No one asks Hagar whether she wants to sleep with Abram. No one asks whether she wants to have his baby. No one asks whether she’s okay to hand that baby over to another woman. Hagar doesn’t matter. It’s only her body, her baby, her life, after all.

But when Sarai adds insult to injury, treating Hagar cruelly for, you know, following her orders, it all gets too much. Finally, she snaps. This is Hagar’s life and it’s time for her to take control of it.

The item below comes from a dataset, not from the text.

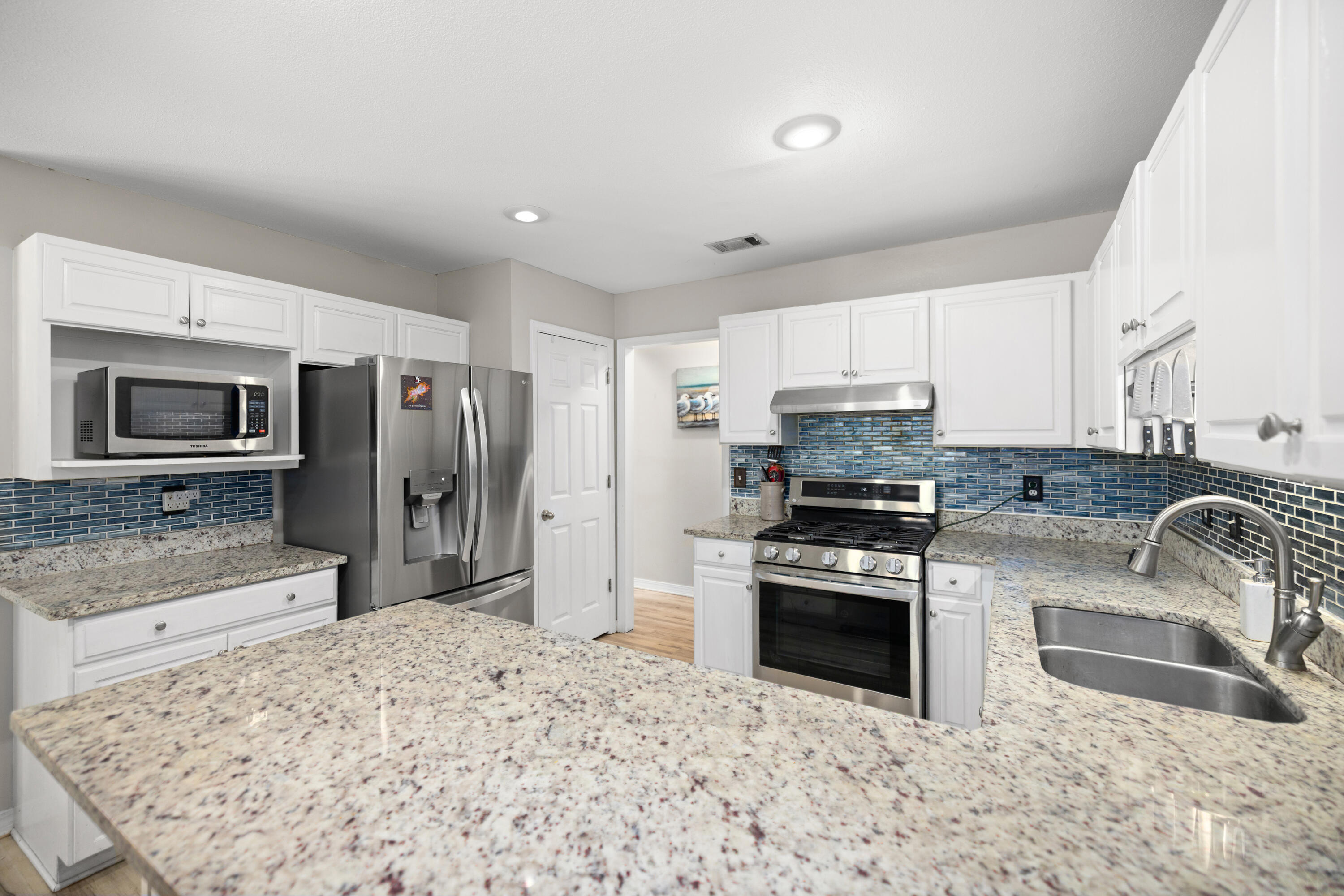 314 Ruckel Drive Niceville, FL 32578 - Photo 19 of 66 a kitchen with stainless steel appliances granite countertop a sink stove and refrigerator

So she runs away. Sarai and Abram don’t come after her. But there is someone who sees what’s happening, who knows how miserable she is. Someone who cares.

An angel of the Lord meets Hagar. He tells her that she will have to return and submit. But he also makes her a promise. Her descendants, just like Abram’s, will be too numerous to count. Hagar’s son won’t be forgotten. Her son won’t be nothing. Her son will be a daily reminder that God heard her misery, in his name Ishmael, ‘God hears.’ But Hagar’s son won’t be easy. He will be a wild donkey of a man, constantly in conflict.

God sees Hagar. She isn’t invisible to him. Her story matters to him. He listens. He cares.

“She gave this name to the Lord who spoke to her: “You are the God who sees me,” for she said, “I have now seen the One who sees me.” (Genesis 16:13)

There’s no happy ending for Hagar’s story. She still has to go back to Sarai and her cruel taunts. She still has to give birth to Ishmael, knowing he’s going to be hard, hard work.

But she’s not invisible any more. She’s been seen. She can hold her head up high. She has seen the one who sees her.

In God’s eyes, there are no bit part actors. There are no invisible women. You matter. He cares. He sees.